Solids accumulation in particular is reported as a major cause. After the
first year or two of use, presumably the best material of construction to avoid
corrosion damage will have been chosen. However, excursions in the system pH
occur in some plants causing unexpected corrosion problems. Acid scrubbing
water conditions can exist if resulfurizing of steel is practiced or if the
shop is equipped with auxiliary oil-fired waste heat boilers. The more typical
situation, however, is an alkaline condition resulting from carryover of the
lime used as a fluxing agent in the process.
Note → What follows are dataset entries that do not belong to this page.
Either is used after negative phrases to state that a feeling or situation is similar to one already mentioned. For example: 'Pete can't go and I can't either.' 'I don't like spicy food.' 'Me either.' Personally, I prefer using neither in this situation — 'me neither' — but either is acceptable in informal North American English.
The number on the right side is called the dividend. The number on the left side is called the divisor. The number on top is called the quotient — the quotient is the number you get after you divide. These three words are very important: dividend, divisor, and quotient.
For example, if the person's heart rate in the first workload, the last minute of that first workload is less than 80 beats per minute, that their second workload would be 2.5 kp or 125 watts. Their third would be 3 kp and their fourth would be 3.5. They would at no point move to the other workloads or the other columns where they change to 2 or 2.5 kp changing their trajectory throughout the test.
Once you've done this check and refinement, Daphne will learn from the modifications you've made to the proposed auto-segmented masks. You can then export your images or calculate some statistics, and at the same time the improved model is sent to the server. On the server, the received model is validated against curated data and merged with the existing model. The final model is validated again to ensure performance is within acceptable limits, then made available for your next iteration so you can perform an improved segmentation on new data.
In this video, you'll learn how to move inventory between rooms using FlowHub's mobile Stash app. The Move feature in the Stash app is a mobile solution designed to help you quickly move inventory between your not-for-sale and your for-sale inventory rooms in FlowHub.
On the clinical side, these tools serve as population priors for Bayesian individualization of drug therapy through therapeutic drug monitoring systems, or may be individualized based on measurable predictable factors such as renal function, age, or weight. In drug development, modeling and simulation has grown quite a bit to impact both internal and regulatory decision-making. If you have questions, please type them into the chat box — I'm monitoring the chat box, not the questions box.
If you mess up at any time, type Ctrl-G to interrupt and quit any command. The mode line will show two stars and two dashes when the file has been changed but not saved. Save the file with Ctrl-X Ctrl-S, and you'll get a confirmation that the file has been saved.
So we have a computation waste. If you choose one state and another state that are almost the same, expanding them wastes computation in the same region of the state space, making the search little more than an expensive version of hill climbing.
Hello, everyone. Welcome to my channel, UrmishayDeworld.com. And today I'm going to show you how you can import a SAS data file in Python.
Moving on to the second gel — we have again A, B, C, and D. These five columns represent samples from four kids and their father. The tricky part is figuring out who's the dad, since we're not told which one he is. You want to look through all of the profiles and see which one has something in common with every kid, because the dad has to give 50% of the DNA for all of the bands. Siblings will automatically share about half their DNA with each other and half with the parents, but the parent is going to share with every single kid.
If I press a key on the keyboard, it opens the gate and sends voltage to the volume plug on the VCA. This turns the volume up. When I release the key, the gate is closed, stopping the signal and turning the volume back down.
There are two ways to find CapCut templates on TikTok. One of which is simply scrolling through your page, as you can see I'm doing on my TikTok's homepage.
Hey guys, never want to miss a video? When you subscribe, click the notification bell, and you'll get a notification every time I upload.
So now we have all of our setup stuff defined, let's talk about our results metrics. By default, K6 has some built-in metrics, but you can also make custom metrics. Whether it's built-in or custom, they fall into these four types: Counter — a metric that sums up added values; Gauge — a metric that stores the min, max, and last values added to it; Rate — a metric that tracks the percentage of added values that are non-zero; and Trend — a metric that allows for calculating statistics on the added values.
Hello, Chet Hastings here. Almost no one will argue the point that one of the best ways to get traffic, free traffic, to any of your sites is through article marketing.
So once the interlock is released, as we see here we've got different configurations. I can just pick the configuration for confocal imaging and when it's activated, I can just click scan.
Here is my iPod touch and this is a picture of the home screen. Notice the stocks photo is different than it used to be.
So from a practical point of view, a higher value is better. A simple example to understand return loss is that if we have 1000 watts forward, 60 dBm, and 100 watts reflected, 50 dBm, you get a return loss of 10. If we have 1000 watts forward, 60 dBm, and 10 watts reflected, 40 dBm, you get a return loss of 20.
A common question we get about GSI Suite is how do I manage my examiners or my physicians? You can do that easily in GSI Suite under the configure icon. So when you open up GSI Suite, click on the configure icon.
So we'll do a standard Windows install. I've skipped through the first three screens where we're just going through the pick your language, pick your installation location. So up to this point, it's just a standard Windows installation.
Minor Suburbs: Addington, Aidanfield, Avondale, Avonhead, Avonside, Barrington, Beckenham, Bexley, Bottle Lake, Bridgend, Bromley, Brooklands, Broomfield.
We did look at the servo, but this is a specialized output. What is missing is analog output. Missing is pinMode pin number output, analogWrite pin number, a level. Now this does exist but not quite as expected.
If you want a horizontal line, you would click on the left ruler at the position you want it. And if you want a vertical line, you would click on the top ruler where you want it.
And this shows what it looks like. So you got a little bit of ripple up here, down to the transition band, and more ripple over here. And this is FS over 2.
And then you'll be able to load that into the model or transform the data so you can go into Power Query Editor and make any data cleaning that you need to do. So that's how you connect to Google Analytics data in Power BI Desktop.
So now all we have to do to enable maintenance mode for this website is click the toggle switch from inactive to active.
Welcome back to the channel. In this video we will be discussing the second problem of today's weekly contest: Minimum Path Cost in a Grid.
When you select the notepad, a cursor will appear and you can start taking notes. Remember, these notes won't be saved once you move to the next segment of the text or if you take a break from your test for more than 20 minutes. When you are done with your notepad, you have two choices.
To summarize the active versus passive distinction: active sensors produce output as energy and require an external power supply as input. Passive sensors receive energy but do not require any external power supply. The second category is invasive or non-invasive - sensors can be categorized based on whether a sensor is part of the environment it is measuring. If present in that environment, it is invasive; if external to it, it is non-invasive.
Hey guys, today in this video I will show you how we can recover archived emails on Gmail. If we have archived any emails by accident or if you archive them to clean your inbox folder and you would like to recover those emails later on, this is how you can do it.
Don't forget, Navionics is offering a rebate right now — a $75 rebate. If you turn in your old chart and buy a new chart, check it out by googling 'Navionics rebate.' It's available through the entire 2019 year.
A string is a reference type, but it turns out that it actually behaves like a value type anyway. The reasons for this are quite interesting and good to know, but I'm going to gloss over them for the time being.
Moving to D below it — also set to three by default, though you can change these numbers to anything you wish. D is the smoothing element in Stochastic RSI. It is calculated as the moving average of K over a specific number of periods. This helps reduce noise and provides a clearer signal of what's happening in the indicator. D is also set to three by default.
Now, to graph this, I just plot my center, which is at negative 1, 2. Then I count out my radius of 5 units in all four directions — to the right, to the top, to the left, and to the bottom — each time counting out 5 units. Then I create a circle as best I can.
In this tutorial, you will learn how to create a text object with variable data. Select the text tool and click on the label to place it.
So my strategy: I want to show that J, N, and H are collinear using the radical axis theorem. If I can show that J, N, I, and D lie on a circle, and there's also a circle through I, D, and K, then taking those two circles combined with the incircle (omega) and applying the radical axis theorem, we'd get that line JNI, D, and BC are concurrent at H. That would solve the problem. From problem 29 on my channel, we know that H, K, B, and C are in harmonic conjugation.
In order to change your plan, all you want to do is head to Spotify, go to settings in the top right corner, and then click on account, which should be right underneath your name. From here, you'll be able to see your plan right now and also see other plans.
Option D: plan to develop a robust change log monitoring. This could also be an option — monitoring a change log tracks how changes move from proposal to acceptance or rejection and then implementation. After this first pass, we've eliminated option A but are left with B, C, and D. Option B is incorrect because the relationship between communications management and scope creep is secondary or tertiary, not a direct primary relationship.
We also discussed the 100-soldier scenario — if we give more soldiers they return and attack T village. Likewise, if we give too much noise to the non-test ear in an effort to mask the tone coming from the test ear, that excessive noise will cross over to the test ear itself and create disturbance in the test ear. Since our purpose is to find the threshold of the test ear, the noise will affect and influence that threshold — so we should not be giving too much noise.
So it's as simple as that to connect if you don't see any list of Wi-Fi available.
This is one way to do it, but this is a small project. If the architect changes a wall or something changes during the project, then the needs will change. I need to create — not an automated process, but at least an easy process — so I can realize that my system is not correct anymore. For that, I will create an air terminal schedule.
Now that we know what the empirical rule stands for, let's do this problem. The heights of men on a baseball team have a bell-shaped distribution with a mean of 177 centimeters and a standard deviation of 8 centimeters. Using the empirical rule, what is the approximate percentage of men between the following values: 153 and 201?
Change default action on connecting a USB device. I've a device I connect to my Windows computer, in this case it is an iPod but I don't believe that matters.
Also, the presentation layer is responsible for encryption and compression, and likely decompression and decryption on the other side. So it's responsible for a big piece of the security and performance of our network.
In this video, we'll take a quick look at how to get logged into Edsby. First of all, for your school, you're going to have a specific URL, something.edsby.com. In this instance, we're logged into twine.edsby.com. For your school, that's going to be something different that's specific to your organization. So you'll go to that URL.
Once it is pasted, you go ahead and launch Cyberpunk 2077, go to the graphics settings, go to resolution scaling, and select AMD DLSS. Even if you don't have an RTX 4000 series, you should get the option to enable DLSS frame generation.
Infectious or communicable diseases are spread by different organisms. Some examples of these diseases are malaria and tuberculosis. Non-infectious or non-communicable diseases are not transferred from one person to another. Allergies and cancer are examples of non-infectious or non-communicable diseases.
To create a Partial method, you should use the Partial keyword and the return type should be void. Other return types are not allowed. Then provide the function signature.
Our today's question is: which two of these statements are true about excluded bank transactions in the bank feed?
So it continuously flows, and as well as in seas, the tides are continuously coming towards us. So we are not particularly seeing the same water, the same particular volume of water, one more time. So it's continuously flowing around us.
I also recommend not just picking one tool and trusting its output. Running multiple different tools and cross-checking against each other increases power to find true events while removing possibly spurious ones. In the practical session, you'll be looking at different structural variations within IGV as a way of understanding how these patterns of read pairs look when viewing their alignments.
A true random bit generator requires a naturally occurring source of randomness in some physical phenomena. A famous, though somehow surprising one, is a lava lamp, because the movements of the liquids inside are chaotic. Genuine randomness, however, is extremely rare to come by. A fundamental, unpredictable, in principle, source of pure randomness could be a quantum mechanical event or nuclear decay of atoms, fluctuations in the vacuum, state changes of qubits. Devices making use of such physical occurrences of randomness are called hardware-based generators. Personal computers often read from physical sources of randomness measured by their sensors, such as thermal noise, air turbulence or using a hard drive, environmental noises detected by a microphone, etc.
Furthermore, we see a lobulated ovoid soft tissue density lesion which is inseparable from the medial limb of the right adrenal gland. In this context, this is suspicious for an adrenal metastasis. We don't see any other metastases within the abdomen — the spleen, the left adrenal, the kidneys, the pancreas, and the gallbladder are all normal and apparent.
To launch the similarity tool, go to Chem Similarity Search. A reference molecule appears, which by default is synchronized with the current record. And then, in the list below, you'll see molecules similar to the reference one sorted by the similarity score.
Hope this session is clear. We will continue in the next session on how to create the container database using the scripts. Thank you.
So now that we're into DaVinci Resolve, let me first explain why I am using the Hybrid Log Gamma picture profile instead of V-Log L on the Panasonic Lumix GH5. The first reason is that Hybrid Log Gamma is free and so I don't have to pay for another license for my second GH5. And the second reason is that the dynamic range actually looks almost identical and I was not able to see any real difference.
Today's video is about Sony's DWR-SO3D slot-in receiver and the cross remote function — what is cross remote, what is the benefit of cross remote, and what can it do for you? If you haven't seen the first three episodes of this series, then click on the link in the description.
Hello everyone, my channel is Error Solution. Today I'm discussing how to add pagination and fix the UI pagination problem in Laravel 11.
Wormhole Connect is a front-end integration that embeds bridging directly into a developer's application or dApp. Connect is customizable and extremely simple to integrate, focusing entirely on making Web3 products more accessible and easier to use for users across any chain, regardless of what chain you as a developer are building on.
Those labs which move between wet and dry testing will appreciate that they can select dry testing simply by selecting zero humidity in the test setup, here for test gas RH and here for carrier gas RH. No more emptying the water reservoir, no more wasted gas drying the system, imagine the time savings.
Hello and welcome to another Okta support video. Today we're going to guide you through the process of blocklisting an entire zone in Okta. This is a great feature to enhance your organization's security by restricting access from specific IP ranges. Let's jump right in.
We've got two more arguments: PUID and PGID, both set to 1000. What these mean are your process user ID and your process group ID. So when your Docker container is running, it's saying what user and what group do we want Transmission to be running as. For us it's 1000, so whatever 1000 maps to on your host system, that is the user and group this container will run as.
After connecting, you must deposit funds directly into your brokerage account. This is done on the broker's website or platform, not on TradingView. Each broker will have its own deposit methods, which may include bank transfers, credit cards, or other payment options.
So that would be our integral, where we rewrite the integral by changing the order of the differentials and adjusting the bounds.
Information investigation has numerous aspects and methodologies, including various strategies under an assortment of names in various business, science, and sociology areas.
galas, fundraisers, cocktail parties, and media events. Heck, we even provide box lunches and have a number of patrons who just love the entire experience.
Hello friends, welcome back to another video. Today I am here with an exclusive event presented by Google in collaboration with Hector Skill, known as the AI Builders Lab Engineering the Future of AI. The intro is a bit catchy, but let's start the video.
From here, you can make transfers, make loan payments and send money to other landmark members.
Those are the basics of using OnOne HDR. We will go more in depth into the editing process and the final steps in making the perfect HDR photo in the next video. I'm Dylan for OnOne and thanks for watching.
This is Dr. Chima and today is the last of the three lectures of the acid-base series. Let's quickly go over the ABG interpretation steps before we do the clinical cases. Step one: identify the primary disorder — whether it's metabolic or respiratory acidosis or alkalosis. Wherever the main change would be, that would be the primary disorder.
Because of the alkaline conditions,
scaling is a significant factor for this AOC.
The result of improper atomization and/or insufficient water flow to the
scrubber is reduced efficiency of particulate collection. In conventional
variable throat venturi scrubbers with high pressure drop, scrubber efficiency
may not decrease with decreasing liquid to gas ratio (L/G) over a range of L/G
values. Some work done in West Germany has shown that scrubbing efficiency
begins to decrease when the L/G drops below 0.6 L/scm (~ 5 G/1000 scf). The
exact quantitative relationship between decreasing water rate and scrubbing
efficiency may be available from the scrubber manufacturer.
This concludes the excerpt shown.